▸ WHAT IS REQUIRED
The entries below are to be written out exactly, with no images included.

▸ Caption-style text data

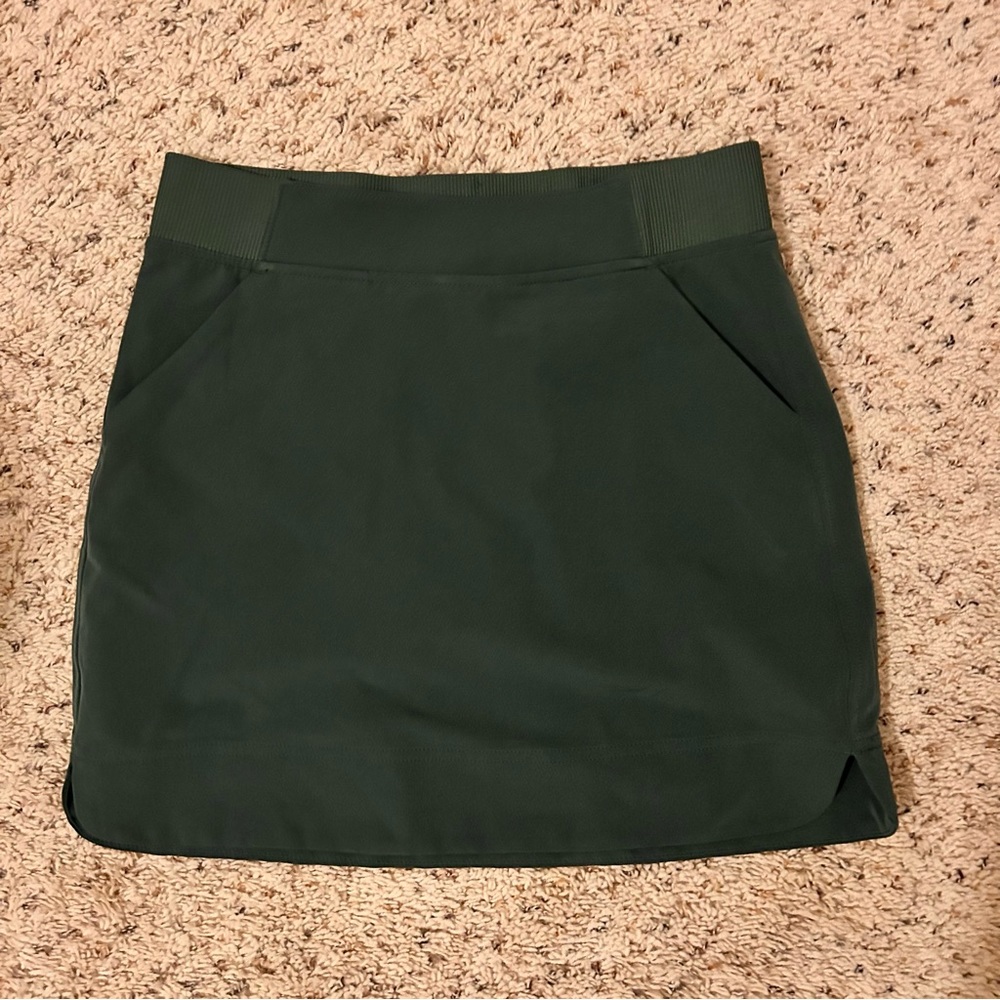 Athletic skirt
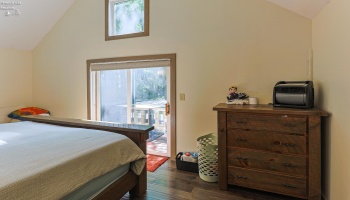 196 Greenwich East Townline Road, New London, 44851, 5 Bedrooms Bedrooms, ,3 BathroomsBathrooms,Residential,For Sale,Greenwich East Townline,20261734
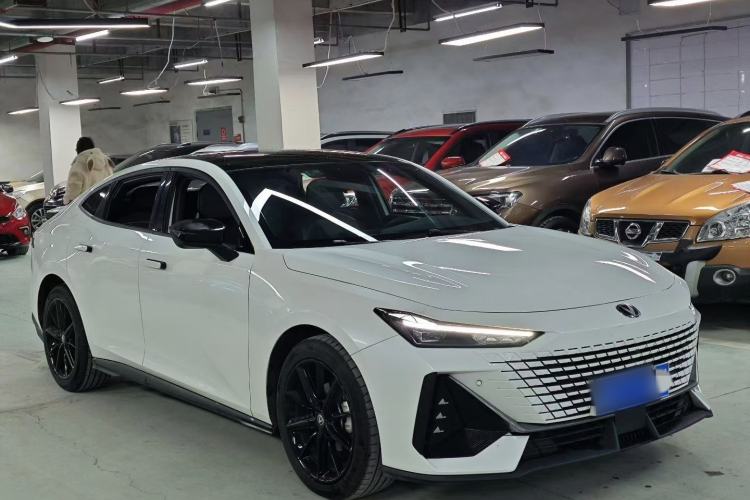 Used Changan UNI-V 2022 1.5T Prestige Version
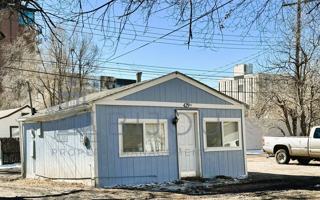 featured image of 427 E Bijou St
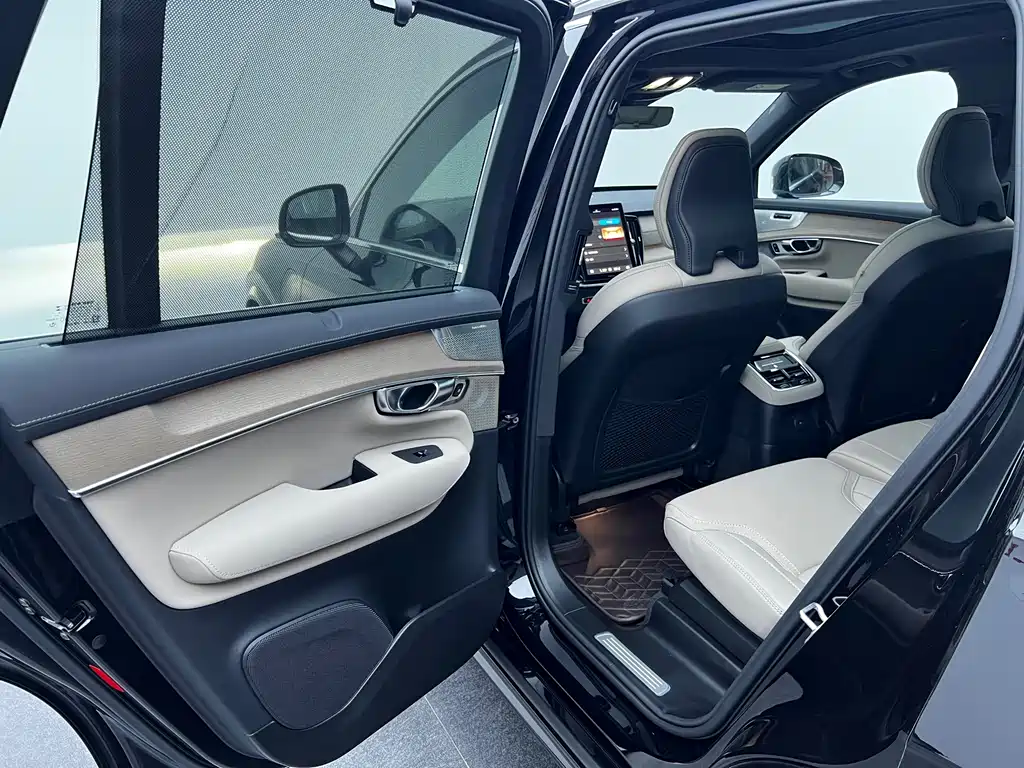 Volvo XC90 PHEV — миниатюра 14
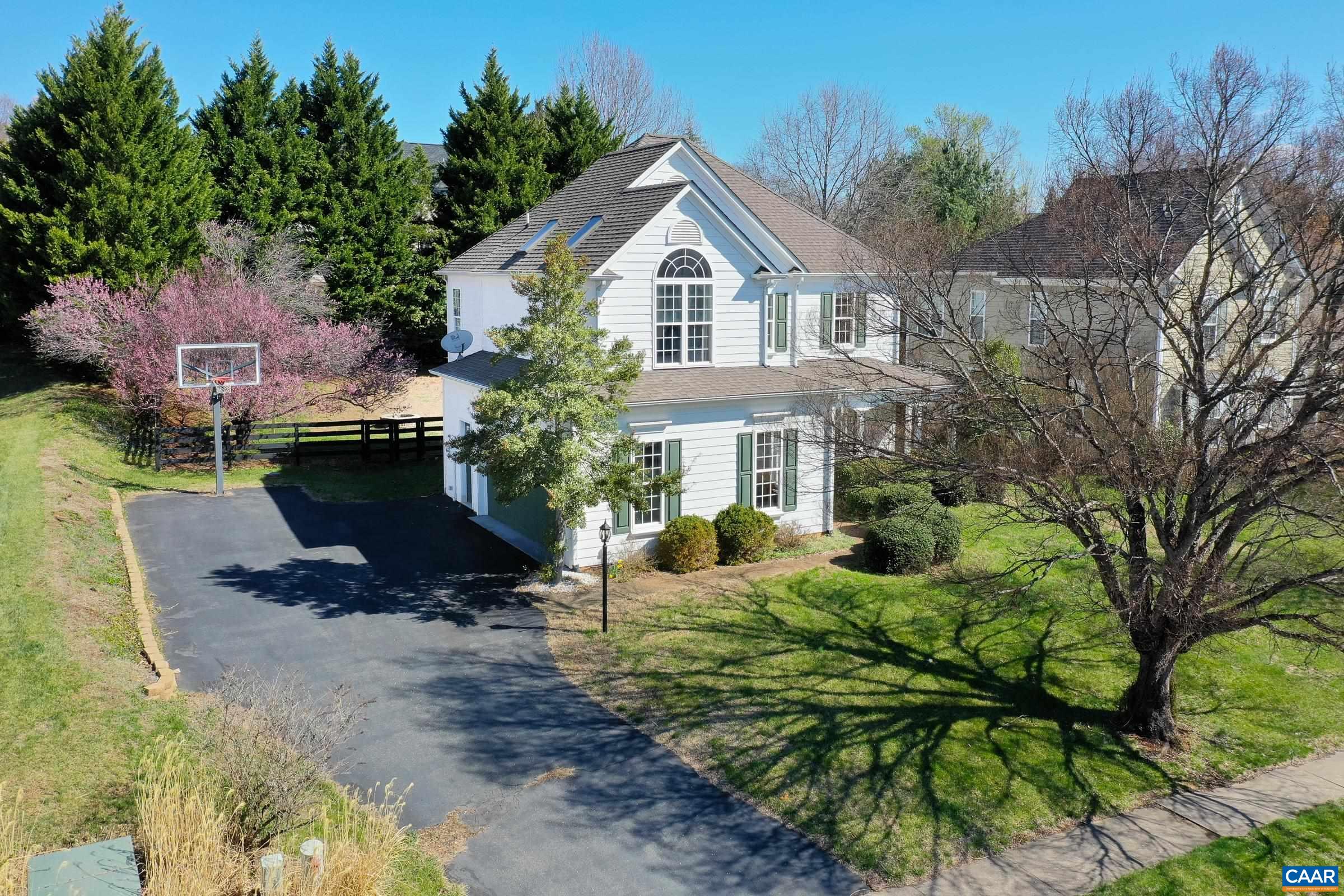 145 GRAYROCK DR
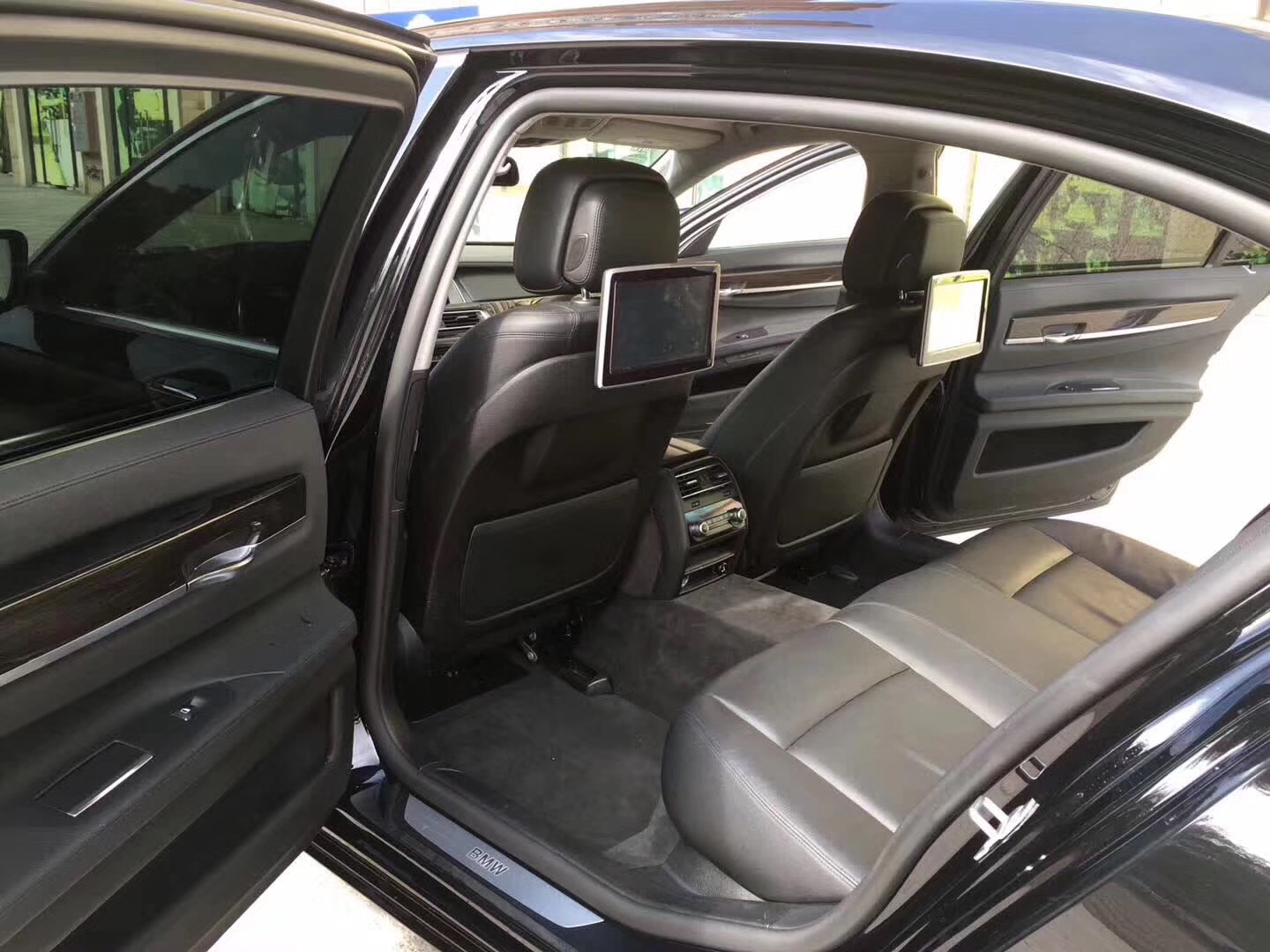 宝马新740落地多少钱,宝马740落地价2020款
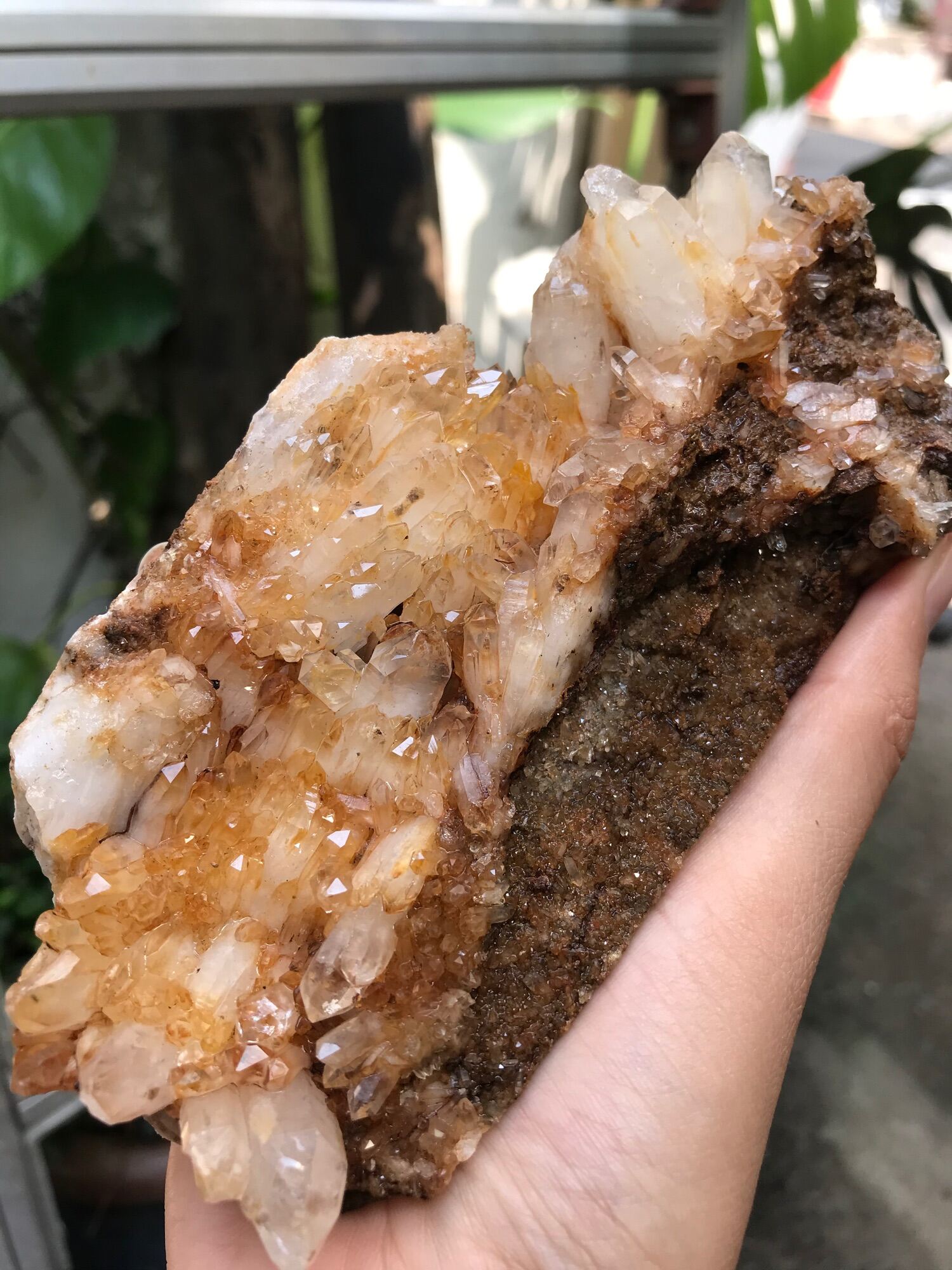 Mảng đá Thạch Anh vàng lắp lánh tự nhiên Ms73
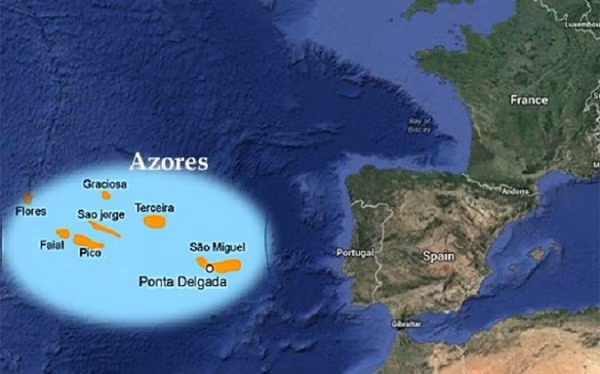 Đỉnh của kim tự tháp ở Azores nằm cách mặt biển 12 mét và đáy của nó là một hình vuông khá hoàn hảo. Theo các chuyên gia, niên đại của kim tự tháp trùng với thời điểm kỷ băng hà xuất hiện trên Trái Đất.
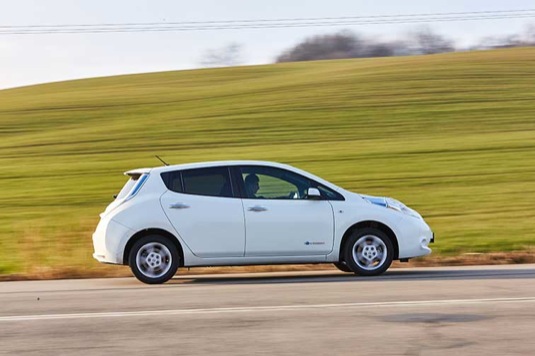 auto elektromobil Nissan Leaf na cestě parkování Praha
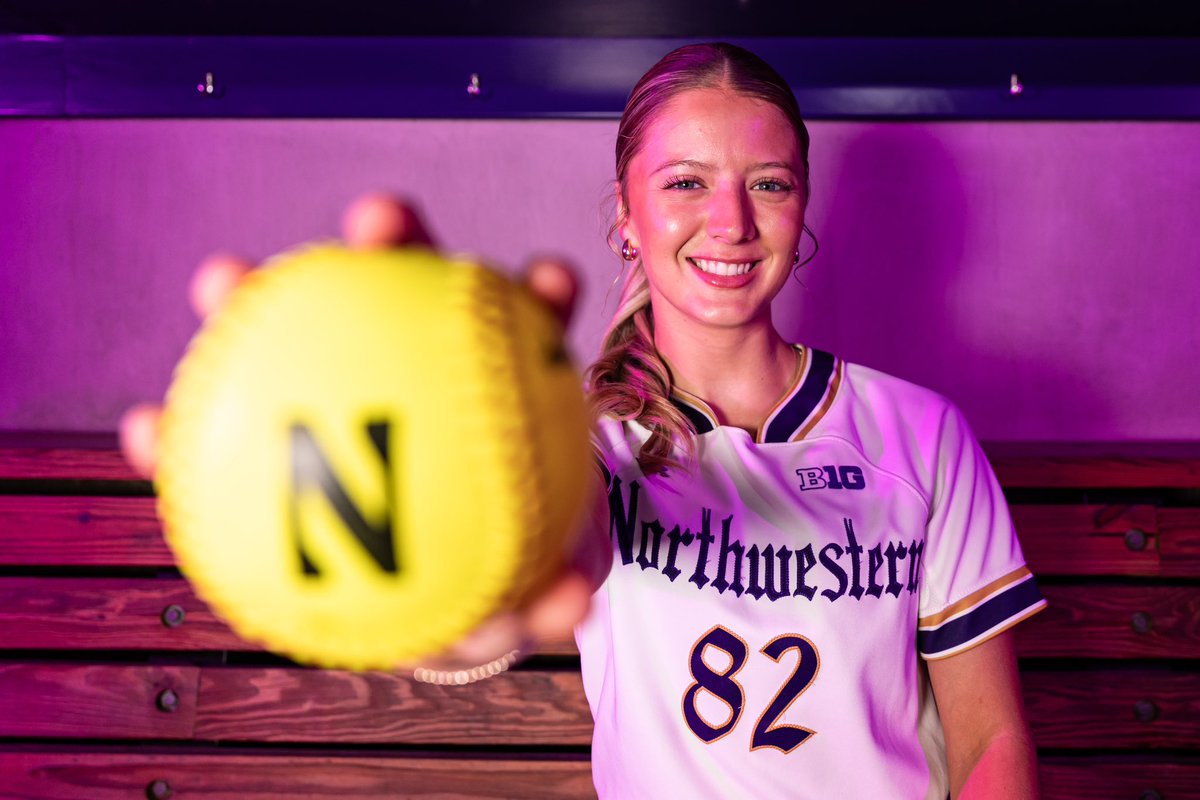 Officially <a href="/Graceminarovic/">Grace Minarovic</a> days away from Opening Day! 8️⃣2️⃣⏳🥎
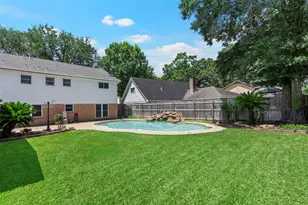 8114 Coolshire Ln, Houston, TX 77070 - Photo 39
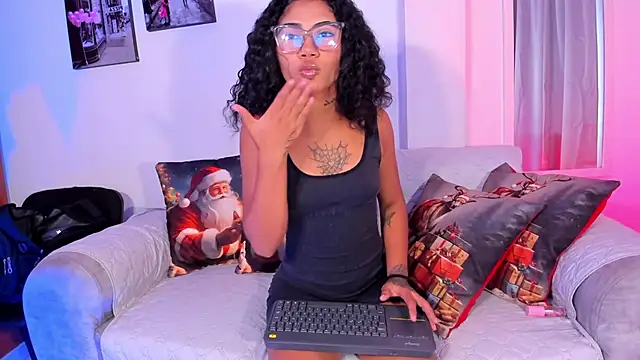 Snapshot of Paulete__W chatting on December 15, 1:15 pm Paulete W online show from December 15, 1:15 pm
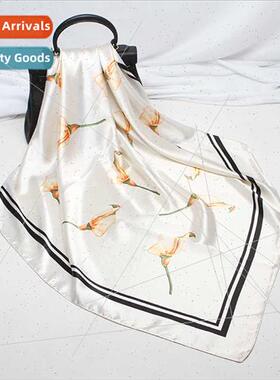 Chinese new simulation silk scarf women horseshoe flower gif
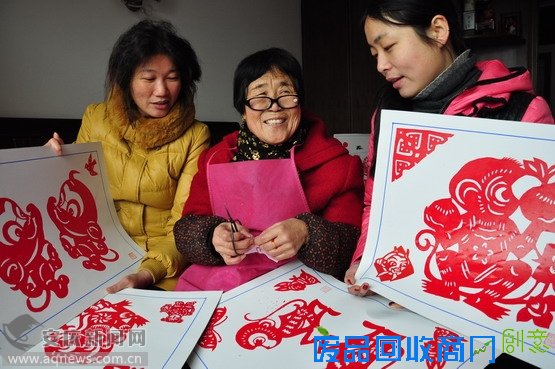 安庆：剪纸迎猴年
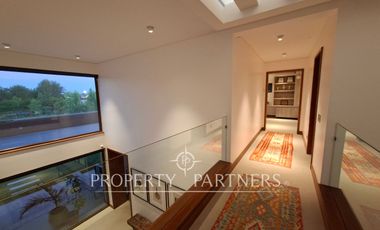 Espectacular casa en exclusivo condominio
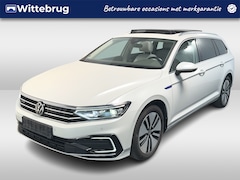 Volkswagen Passat Variant - 1.4 TSI PHEV GTE Business / AUTOMAAT/ PANO/ TREKHAAK/ STANDKACHEL/ 360 CAMERA/ MEMORY SEAT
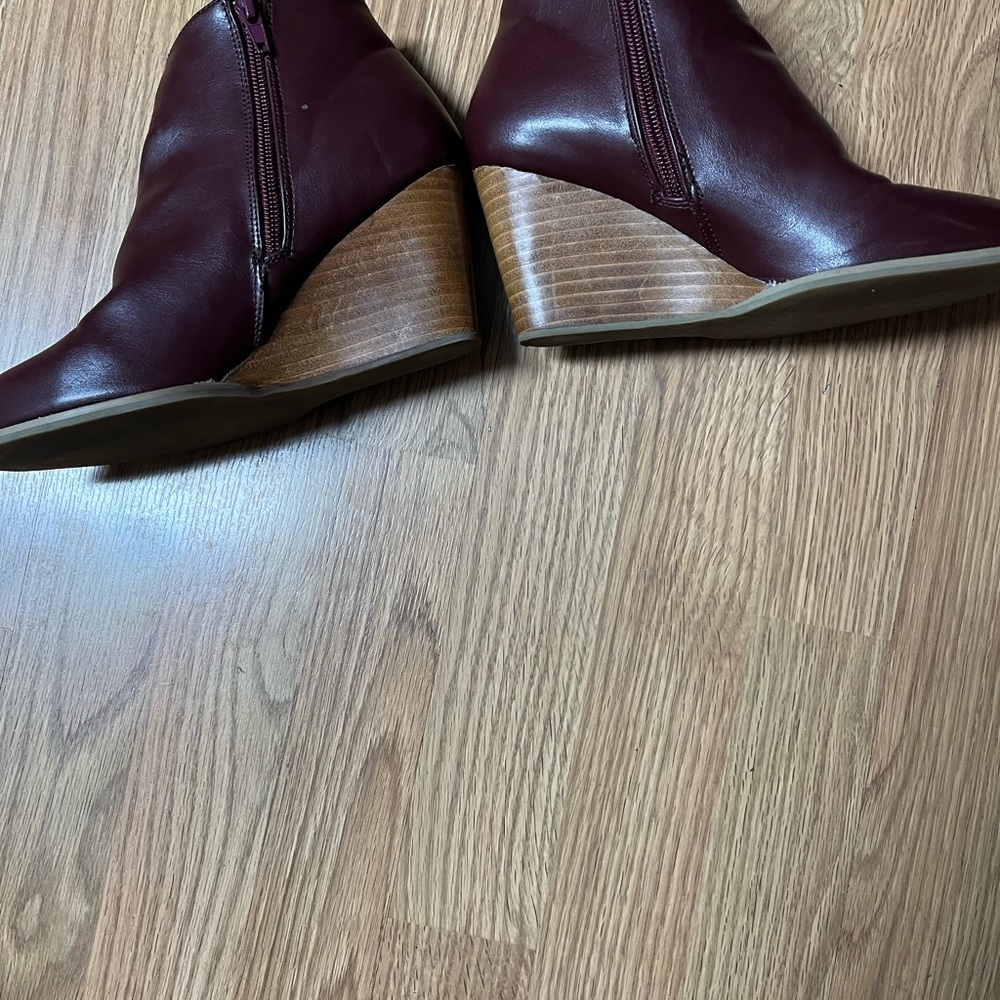 EUC Sociology Dark Rum Booties - Picture 7 of 12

▸ YOUR SOLUTION
 Athletic skirt
 196 Greenwich East Townline Road, New London, 44851, 5 Bedrooms Bedrooms, ,3 BathroomsBathrooms,Residential,For Sale,Greenwich East Townline,20261734
 Used Changan UNI-V 2022 1.5T Prestige Version
 featured image of 427 E Bijou St
 Volvo XC90 PHEV — миниатюра 14
 145 GRAYROCK DR
 宝马新740落地多少钱,宝马740落地价2020款
 Mảng đá Thạch Anh vàng lắp lánh tự nhiên Ms73
 Đỉnh của kim tự tháp ở Azores nằm cách mặt biển 12 mét và đáy của nó là một hình vuông khá hoàn hảo. Theo các chuyên gia, niên đại của kim tự tháp trùng với thời điểm kỷ băng hà xuất hiện trên Trái Đất.
 auto elektromobil Nissan Leaf na cestě parkování Praha
 Officially <a href="/Graceminarovic/">Grace Minarovic</a> days away from Opening Day! 8️⃣2️⃣⏳🥎
 8114 Coolshire Ln, Houston, TX 77070 - Photo 39
 Snapshot of Paulete__W chatting on December 15, 1:15 pm Paulete W online show from December 15, 1:15 pm
 Chinese new simulation silk scarf women horseshoe flower gif
 安庆：剪纸迎猴年
 Espectacular casa en exclusivo condominio
 Volkswagen Passat Variant - 1.4 TSI PHEV GTE Business / AUTOMAAT/ PANO/ TREKHAAK/ STANDKACHEL/ 360 CAMERA/ MEMORY SEAT
 EUC Sociology Dark Rum Booties - Picture 7 of 12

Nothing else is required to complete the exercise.